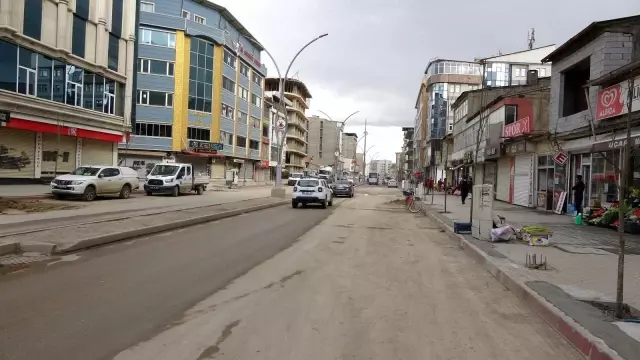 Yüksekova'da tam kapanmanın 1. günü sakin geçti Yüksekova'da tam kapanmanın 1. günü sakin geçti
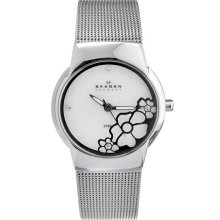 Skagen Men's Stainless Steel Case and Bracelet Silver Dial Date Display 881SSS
* * * * * * *
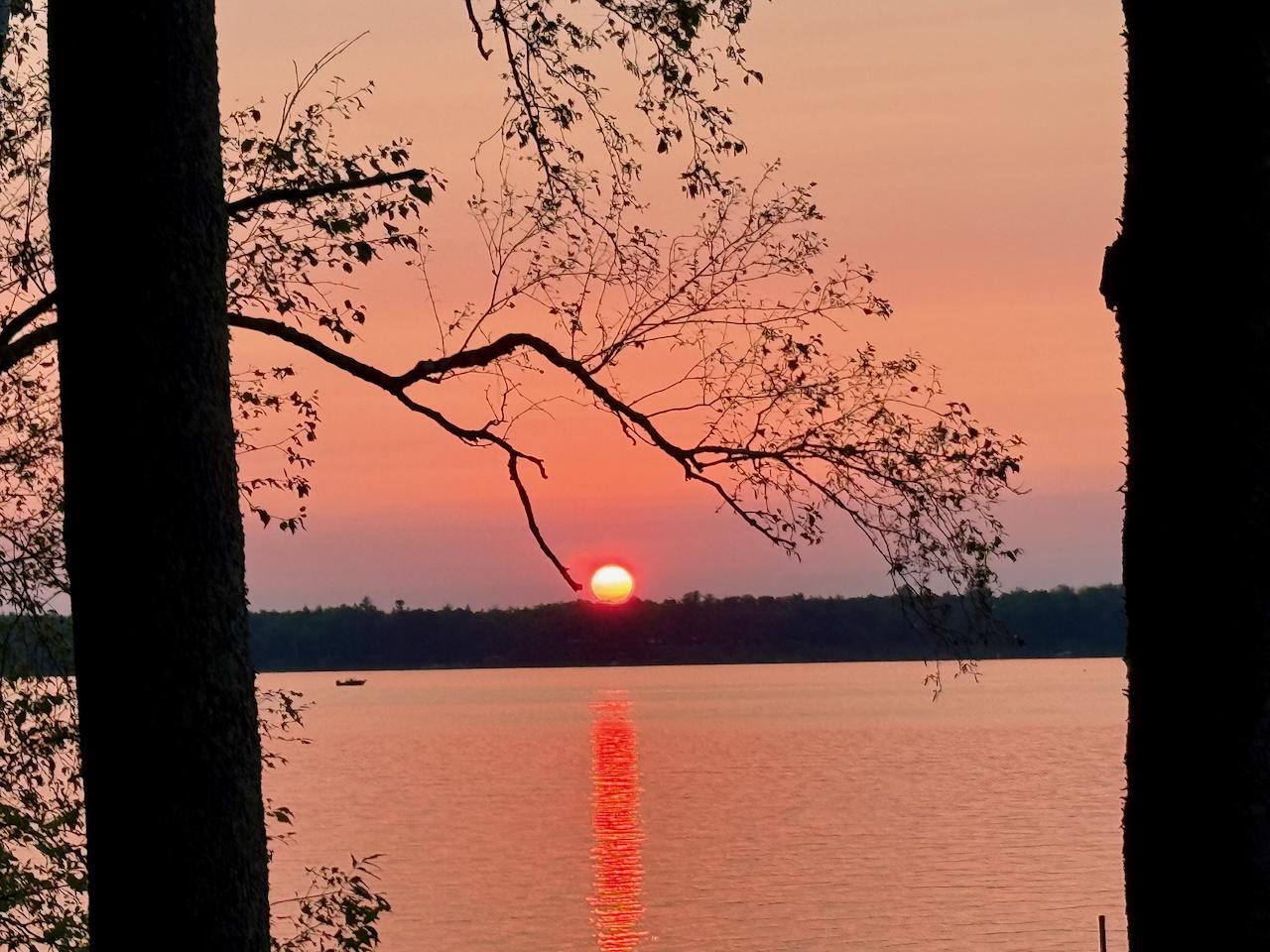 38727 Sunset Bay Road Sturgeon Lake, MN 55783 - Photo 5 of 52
* * * * * * *
-- About this exercise --
Restate the lines above from the one containing "Yüksekova'da tam kapanmanın 1. günü sakin geçti Yüksekova'da" through the one containing "Skagen Men's Stainless", inclusive, exactly and without pictures.

-- Solution --
 Yüksekova'da tam kapanmanın 1. günü sakin geçti Yüksekova'da tam kapanmanın 1. günü sakin geçti
 Skagen Men's Stainless Steel Case and Bracelet Silver Dial Date Display 881SSS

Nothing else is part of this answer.